→ **Dataset entries**:
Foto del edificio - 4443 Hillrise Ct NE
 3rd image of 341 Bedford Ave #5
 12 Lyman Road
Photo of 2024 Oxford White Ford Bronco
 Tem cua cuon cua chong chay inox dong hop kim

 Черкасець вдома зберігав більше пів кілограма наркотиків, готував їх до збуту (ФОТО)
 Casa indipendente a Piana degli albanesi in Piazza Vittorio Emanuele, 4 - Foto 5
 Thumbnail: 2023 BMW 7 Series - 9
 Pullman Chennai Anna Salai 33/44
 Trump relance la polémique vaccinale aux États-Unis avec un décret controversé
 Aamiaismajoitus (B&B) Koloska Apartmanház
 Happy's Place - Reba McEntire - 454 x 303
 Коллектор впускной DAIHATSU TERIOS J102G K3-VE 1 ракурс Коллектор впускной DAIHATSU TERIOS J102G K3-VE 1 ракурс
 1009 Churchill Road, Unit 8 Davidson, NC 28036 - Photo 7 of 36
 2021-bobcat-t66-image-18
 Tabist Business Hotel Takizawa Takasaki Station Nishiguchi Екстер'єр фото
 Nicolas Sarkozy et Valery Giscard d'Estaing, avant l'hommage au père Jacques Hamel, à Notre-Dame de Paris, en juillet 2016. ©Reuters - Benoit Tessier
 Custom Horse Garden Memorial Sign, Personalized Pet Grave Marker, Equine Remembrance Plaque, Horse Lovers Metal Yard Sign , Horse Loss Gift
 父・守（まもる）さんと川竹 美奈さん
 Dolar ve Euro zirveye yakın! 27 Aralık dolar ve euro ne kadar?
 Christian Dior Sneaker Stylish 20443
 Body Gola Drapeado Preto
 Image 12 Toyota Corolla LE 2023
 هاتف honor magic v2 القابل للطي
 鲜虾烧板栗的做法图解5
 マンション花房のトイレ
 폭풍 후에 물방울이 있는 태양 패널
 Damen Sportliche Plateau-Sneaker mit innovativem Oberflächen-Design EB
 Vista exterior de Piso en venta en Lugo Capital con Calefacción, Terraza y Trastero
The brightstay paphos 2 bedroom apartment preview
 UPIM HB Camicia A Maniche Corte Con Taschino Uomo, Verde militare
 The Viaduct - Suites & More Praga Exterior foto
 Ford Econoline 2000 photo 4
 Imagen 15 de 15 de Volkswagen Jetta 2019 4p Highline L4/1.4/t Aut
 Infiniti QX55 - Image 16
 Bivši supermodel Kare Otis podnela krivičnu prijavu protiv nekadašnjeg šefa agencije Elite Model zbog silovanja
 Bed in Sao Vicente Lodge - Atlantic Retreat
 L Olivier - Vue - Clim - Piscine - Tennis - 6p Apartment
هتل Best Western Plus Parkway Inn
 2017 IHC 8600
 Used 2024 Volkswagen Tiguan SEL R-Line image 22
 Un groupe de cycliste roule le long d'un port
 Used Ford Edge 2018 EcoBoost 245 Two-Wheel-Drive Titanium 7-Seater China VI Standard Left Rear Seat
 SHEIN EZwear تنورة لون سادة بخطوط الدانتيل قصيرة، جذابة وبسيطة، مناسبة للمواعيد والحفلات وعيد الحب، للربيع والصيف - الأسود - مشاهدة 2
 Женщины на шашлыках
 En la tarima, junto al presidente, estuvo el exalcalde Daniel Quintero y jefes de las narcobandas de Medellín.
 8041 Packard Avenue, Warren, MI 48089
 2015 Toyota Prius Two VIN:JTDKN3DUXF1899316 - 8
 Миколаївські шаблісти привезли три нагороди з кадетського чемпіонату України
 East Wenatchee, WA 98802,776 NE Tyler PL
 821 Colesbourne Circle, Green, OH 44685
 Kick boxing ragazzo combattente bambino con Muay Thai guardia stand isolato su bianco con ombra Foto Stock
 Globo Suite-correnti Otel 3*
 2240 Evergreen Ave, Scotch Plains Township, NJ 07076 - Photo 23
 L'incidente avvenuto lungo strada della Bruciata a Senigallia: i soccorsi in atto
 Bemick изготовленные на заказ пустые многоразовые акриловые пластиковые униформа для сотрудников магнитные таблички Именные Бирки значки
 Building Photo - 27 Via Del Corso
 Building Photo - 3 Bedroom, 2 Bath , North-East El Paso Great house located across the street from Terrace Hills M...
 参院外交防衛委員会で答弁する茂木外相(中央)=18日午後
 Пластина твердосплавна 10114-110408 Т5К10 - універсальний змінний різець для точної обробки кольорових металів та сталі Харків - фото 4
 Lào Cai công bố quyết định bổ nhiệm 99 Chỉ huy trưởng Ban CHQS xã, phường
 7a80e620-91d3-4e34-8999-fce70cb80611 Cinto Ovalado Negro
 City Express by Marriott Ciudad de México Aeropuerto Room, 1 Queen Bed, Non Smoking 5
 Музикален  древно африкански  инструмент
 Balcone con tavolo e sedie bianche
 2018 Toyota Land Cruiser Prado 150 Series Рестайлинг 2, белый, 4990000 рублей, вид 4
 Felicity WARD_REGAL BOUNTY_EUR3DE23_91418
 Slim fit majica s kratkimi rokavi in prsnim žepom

→ **Your objective**: The lines above from the one with "2017 IHC 8600" through the one with "L'incidente avvenuto lungo" are to be duplicated exactly, ends included, with nothing added.

→ **Response to the exercise**:
 2017 IHC 8600
 Used 2024 Volkswagen Tiguan SEL R-Line image 22
 Un groupe de cycliste roule le long d'un port
 Used Ford Edge 2018 EcoBoost 245 Two-Wheel-Drive Titanium 7-Seater China VI Standard Left Rear Seat
 SHEIN EZwear تنورة لون سادة بخطوط الدانتيل قصيرة، جذابة وبسيطة، مناسبة للمواعيد والحفلات وعيد الحب، للربيع والصيف - الأسود - مشاهدة 2
 Женщины на шашлыках
 En la tarima, junto al presidente, estuvo el exalcalde Daniel Quintero y jefes de las narcobandas de Medellín.
 8041 Packard Avenue, Warren, MI 48089
 2015 Toyota Prius Two VIN:JTDKN3DUXF1899316 - 8
 Миколаївські шаблісти привезли три нагороди з кадетського чемпіонату України
 East Wenatchee, WA 98802,776 NE Tyler PL
 821 Colesbourne Circle, Green, OH 44685
 Kick boxing ragazzo combattente bambino con Muay Thai guardia stand isolato su bianco con ombra Foto Stock
 Globo Suite-correnti Otel 3*
 2240 Evergreen Ave, Scotch Plains Township, NJ 07076 - Photo 23
 L'incidente avvenuto lungo strada della Bruciata a Senigallia: i soccorsi in atto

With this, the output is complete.